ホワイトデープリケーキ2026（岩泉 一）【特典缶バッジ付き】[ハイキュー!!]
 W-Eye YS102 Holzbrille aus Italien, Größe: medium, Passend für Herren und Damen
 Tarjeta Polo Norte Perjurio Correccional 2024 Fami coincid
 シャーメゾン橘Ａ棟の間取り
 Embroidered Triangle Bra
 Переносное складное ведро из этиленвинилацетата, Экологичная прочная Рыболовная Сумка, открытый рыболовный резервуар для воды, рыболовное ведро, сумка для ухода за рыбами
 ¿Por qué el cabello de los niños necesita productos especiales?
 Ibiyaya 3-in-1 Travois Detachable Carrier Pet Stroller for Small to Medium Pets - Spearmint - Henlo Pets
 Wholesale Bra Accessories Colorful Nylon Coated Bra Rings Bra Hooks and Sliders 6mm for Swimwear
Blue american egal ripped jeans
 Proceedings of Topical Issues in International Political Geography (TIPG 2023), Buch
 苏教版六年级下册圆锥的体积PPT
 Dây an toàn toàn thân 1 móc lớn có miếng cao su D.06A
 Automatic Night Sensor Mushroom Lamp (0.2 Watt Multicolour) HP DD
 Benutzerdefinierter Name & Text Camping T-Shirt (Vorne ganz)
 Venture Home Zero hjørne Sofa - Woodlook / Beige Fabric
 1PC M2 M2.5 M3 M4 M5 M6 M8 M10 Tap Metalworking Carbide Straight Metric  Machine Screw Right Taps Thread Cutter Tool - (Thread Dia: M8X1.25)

——

## Activity
An exact copy is needed of the closing lines of the entries above, counting from the one that contains "Proceedings of Topical" and including it and the last.

## Reply to the exercise
 Proceedings of Topical Issues in International Political Geography (TIPG 2023), Buch
 苏教版六年级下册圆锥的体积PPT
 Dây an toàn toàn thân 1 móc lớn có miếng cao su D.06A
 Automatic Night Sensor Mushroom Lamp (0.2 Watt Multicolour) HP DD
 Benutzerdefinierter Name & Text Camping T-Shirt (Vorne ganz)
 Venture Home Zero hjørne Sofa - Woodlook / Beige Fabric
 1PC M2 M2.5 M3 M4 M5 M6 M8 M10 Tap Metalworking Carbide Straight Metric  Machine Screw Right Taps Thread Cutter Tool - (Thread Dia: M8X1.25)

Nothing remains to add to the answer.